Service groups: These groups are formed around a specific ministry. Groups like these find fellowship together through a common task, project, or ministry.

Growth groups: These groups are dedicated to nurturing, discipleship training, and in-depth Bible study. Saddleback offers about 50 different curriculum choices, and some of these groups do a more in-depth study of the previous week’s sermon.

 

5. Add staff on purpose: Each person Saddleback hires is given a purpose-based job description.

 

6. Structure on purpose: Rather than organizing by traditional departments, organize around purpose-based teams. Every staff member at Saddleback is assigned to one of our five purpose-based teams. They are:

  • The missions team;
  • The magnification/music team;
  • The membership team;
  • The maturity team;
  • The ministry team.

 

7. Preach on purpose: To produce balanced, healthy believers, Rick suggests that we need to plan a preaching schedule that includes a series on each of the 5 purposes over the course of a year. A 4-week series on each of the purposes would only take 20 weeks, leaving 32 weeks to cover other themes.

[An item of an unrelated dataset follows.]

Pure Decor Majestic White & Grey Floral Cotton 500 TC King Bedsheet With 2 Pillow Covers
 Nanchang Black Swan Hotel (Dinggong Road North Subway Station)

This doesn’t mean that every time you teach on the purposes you have to talk about the church. You can personalize the purposes! You can talk about them in terms of every Christian. Series examples:

  • You Are Shaped for Significance! [Ministry]
  • The Six Stages of Faith! [Spiritual maturity/Discipleship]
  • Learning to Hear God’s Voice! [Worship]
  • Answering Life’s Toughest Questions! [Evangelism]
  • Building Great Relationships! [Fellowship]

 

8. Educate your people on purpose: Categorize every line item in the church budget by the purpose of the church that it supports, or to which it relates.

 

9. Calendar on purpose: Designate 2 months of each year to give special emphasis to each purpose. Then give each purpose team (composed of staff or volunteers) the assignment of emphasizing that purpose church-wide during those months.

 

10. Evaluate on purpose: To remain effective in an ever changing world we would need to continually evaluate what we do. We would need to build review and revision into our process. Evaluate for excellence. We would evaluate our effectiveness through the standard of the 5 purposes.